→ **Required work**:
Beginning with the line where "Bellevue Resort Panchgani" appears, repeat every remaining line of the entries exactly, the last line included.

→ **Extracted data**:

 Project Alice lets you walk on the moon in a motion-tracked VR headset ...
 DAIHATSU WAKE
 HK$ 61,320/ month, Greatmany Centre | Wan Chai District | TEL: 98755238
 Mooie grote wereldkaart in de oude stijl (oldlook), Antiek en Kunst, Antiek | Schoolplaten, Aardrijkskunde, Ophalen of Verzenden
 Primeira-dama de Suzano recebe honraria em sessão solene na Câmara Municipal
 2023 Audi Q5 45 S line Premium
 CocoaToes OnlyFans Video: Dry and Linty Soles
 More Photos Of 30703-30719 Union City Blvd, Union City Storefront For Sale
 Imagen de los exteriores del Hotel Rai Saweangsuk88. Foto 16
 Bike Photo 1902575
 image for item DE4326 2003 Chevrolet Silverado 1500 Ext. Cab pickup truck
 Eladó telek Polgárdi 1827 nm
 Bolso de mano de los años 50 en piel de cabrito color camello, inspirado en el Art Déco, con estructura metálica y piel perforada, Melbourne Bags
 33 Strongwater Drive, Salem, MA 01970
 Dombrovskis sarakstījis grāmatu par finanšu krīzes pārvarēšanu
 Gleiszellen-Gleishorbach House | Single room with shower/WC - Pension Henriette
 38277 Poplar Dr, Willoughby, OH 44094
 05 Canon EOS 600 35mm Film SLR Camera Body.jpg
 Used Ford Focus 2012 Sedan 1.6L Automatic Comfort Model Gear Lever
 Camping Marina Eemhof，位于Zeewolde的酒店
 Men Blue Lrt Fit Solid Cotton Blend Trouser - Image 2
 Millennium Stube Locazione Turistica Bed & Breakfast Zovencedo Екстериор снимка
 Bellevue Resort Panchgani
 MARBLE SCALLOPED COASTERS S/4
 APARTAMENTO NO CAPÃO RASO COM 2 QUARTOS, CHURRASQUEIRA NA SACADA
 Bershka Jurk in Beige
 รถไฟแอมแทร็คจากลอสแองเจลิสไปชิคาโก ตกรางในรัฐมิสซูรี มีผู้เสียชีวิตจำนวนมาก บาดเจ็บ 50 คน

→ **Result of the task**:
 Bellevue Resort Panchgani
 MARBLE SCALLOPED COASTERS S/4
 APARTAMENTO NO CAPÃO RASO COM 2 QUARTOS, CHURRASQUEIRA NA SACADA
 Bershka Jurk in Beige
 รถไฟแอมแทร็คจากลอสแองเจลิสไปชิคาโก ตกรางในรัฐมิสซูรี มีผู้เสียชีวิตจำนวนมาก บาดเจ็บ 50 คน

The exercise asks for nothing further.